TASK INPUTS -

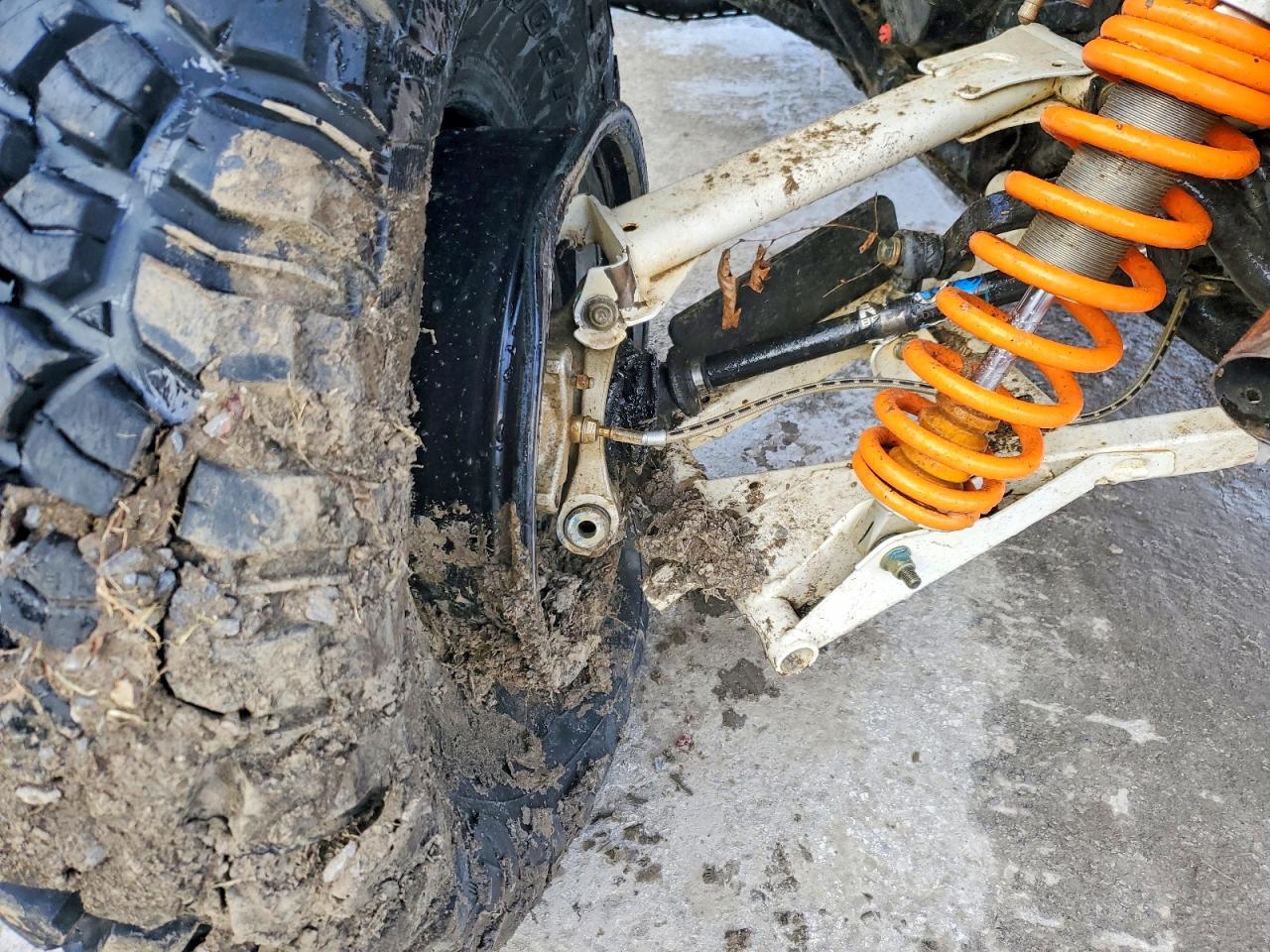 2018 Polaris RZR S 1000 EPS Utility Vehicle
* * *
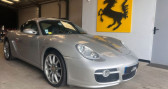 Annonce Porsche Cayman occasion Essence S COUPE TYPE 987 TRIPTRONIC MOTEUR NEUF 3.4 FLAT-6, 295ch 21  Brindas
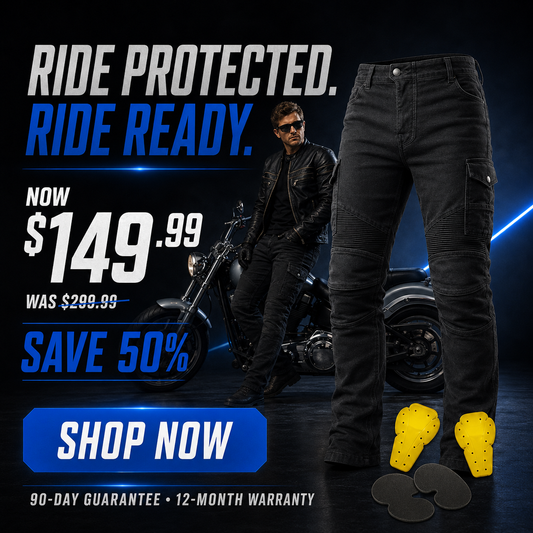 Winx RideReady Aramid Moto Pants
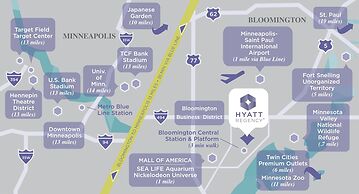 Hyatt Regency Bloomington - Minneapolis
---
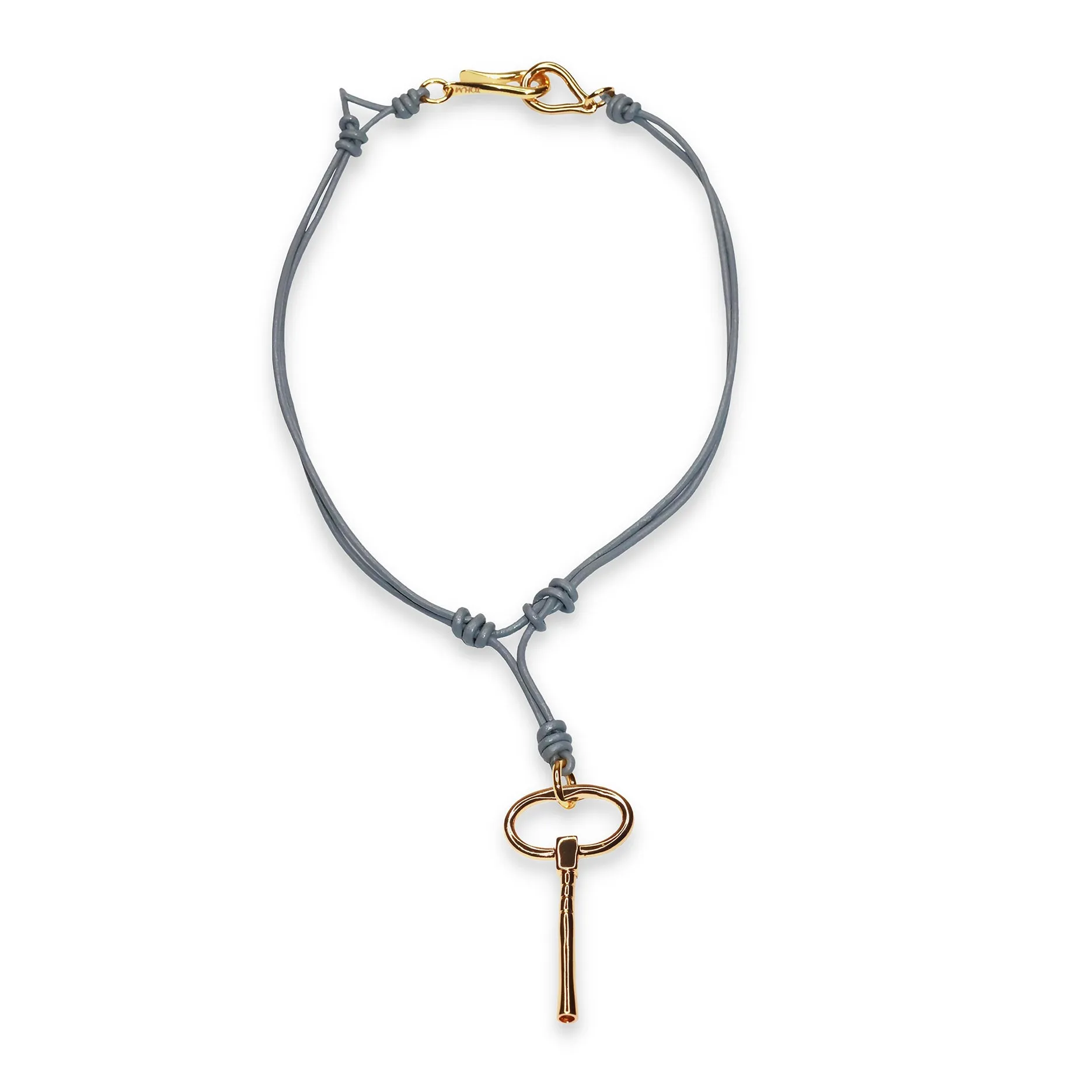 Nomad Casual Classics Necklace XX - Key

WHAT IS EXPECTED - Please output the lines above beginning at the line with "Annonce Porsche Cayman" and ending after the line with "Hyatt Regency Bloomington - Minneapolis", precisely as written and with no pictures.

ANSWER SPACE -
 Annonce Porsche Cayman occasion Essence S COUPE TYPE 987 TRIPTRONIC MOTEUR NEUF 3.4 FLAT-6, 295ch 21  Brindas
 Winx RideReady Aramid Moto Pants
 Hyatt Regency Bloomington - Minneapolis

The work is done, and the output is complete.